Search this site:
Enterprise Search Blog
« NIE Newsletter

Where did my Verity K2 status messages go after upgrading to K2 6.1? - Ask Dr. Search

Last Updated Mar 2009

By: Mark Bennett, Volume 4 Number 4 - August 2007

A customer writes:

We search customer support problem reports with Verity K2. When we recently upgraded to K2 6.1 we could no longer find some of the status messages in the call logs. These messages are often hexadecimal numbers of the form 0xFF0305. What's up?

Dr Search replies:

This doesn't look too hard, maybe I'll even get home early today! But before I jump into the answer, we'll need to define one term:

Vocabulary: tokenization
Broadly speaking, in search engines this means breaking up text into words. Though this sounds simple enough, just break on spaces. But what do you do with words that have punctuation in them, or that mix characters and numbers? As an example, would you treat "after-hours" as one or two words? Or how would you break up these strings into words: john@acme.com, AT&T, SLEEP_TIMEOUT, X.25 or OS/2 ?

Each search engine has its own rules for how it will break up strings into words, and how it handles punctuation. The more sophisticated engines even let the administrator configure these policies. When K2 went from V5.x to V6.x, the old configuration file STYLE.LEX was superseded; locales and character set settings became much more important in determining what defined a "word".

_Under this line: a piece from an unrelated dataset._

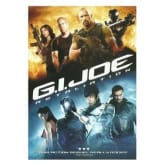 Paramount Pictures G.I Joe Retaliation DVD (2013)
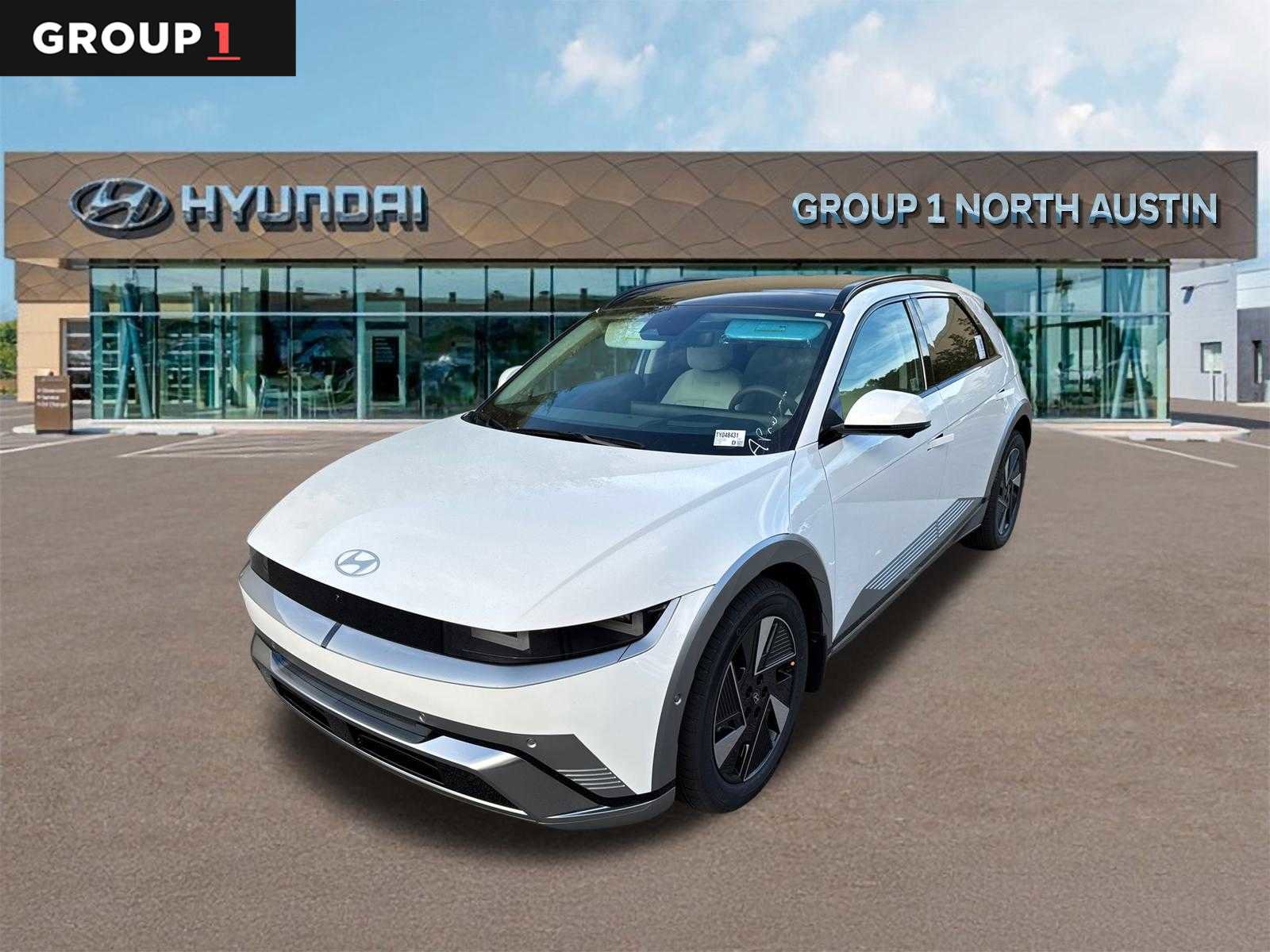 New 2026 Hyundai Ioniq 5 Limited image 1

To make matters worse, K26.1.1 didn't quite work as expected, so words that started with a numeric character and had embedded alpha characters was parsed as two distinct words. In your example "0xFF0305" was parsed as two words: "0" and "xFF0305" (words that starts with alpha characters and contained embedded numbers were parsed properly).

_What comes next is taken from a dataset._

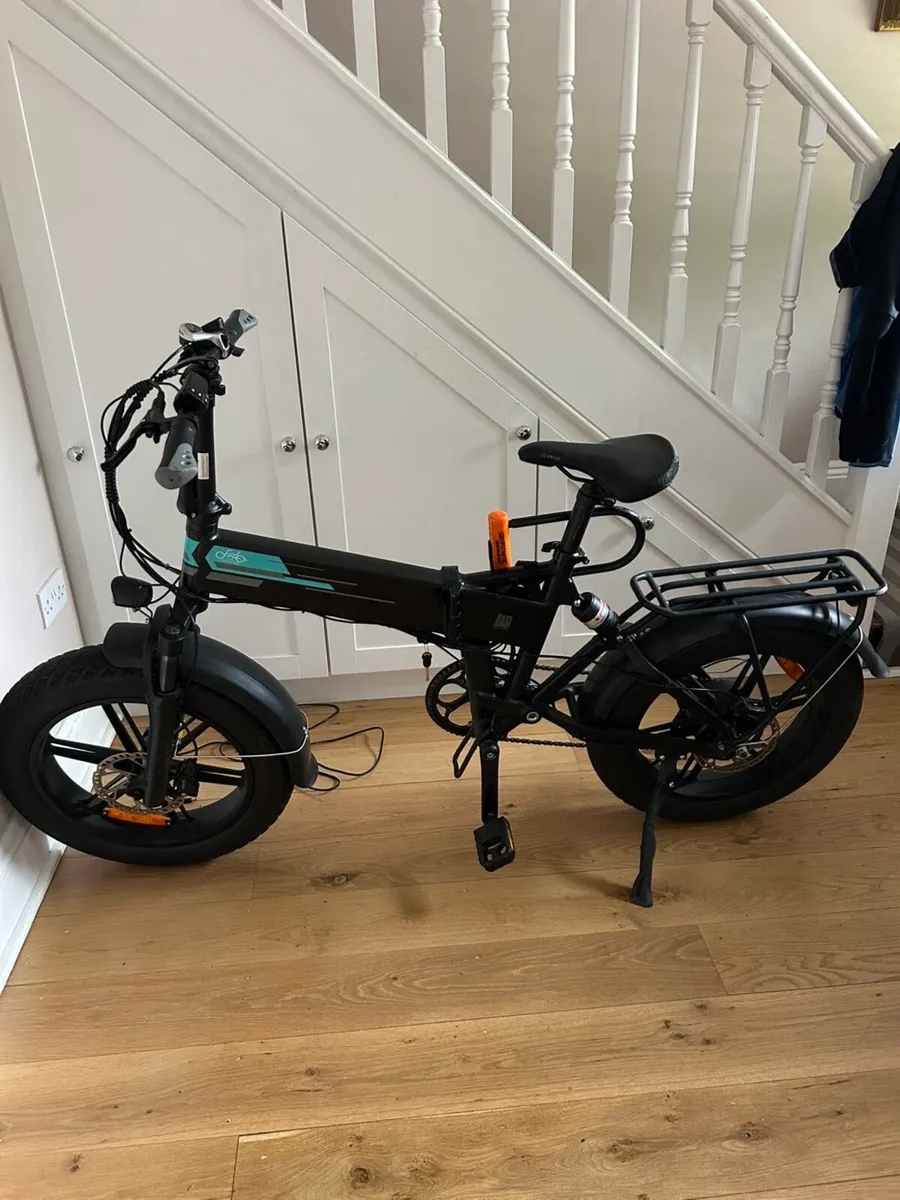 E bike - Image 1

This was fixed in a later version of K2, in "K2 Version 6.1.2 Service Pack 1". Additionally, you must also set two of the fields in the Collection Properties section of the Dashboard in order for this to work (or do the same in your rcadmin scripts). The Locale field has to specifically be set to "uni/en" (universal filters/english); and the CharSet field has to be set to UTF8 (a dialect of Unicode). After taking these steps, you should then be able to search on your status codes, or any numeric/alpha mixed word.

Not so bad... wonder if I can still beat the traffic.